Para tersangka yang diamankan, diancam Pasal 112 Ayat (2), Pasal 114 Ayat (2) junto Pasal 132 Ayat (1) UU Nomor 35 Tahun 2009 tentang Narkotika. Mereka dapat dipidana maksimal hukuman mati dan pidana penjara seumur hidup, atau paling lama hukuman penjara 20 tahun.
Polda NTB memusnahkan barang bukti hasil pengungkapan periode Maret hingga Mei 2024 itu. Barang bukti yang dimusnahkan berupa sabu 710,417 gram, ganja 4.130,12 gram, dan minuman beralkohol (minol) 9.246 botol.
“Barang bukti dimusnahkan ini merupakan barang bukti yang telah mendapatkan penetapan penyitaan dari pengadilan negeri,” tandas Deddy.
Miras yang dimusnahkan beragam. Ada juga minol habis kedaluwarsa tetapi label kemasan diganti dengan yang palsu kemudian diedarkan. “Minol kedaluwarsa yang dimusnahkan jumlah 7. 917 botol,” sebutnya.
Dalam pemusnahan minol tersebut, Polda NTB menggolongkannya dalam tiga kategori berdasarkan tingkat kandungan alcohol. Untuk golongan A dengan kadar alkohol paling tinggi 5 persen sebanyak 7.917 botol.
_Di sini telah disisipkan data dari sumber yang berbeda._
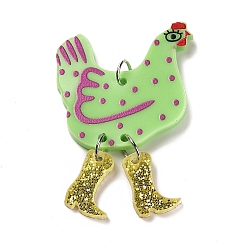 Light Green Opaque Printed Acrylic Big Pendants, with Platinum Iron Jump Ring, Hen with Glitter Boots Charms, Light Green, 51.5x34.5x2mm, Hole: 5mm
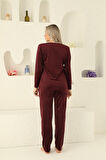 Kadın Bisiklet Yaka Düğmesiz İpeksi Yumuşak Kadife Kışlık Uzun Kol Cepli Pijama Takımı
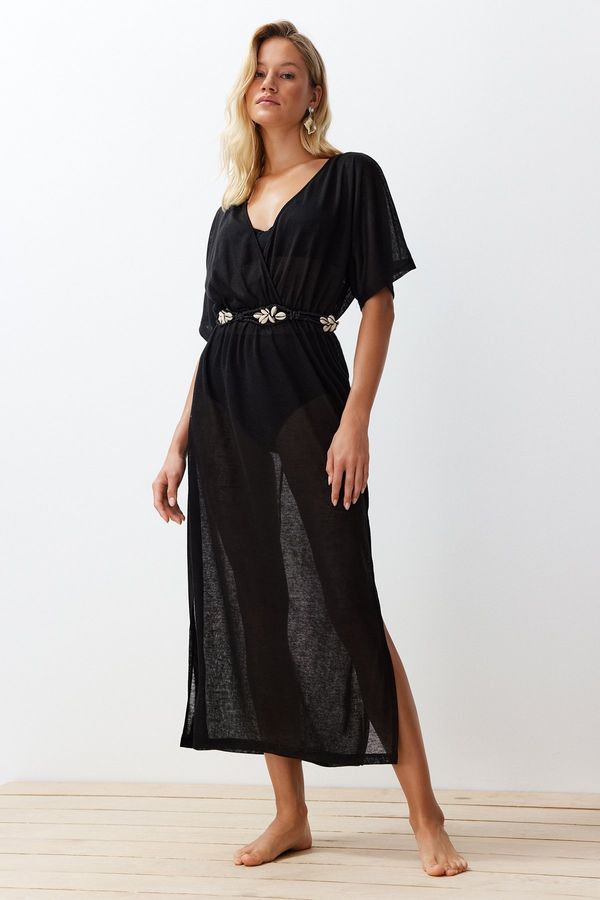 Trendyol Trendyol Black Maxi Knitted Slit Beach Dress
Golongan B dengan kadar alkohol 5-20 persen sebanyak 1.270 botol, dan golongan C dengan kadar alkohol 20-45 persen sebanyak 59 botol. Pemusnahan dilakukan dengan cara dibakar untuk barang bukti berupa sabu dan ganja. Sedangkan minol tersebut dituang ke dalam ember yang kemudian dibuang.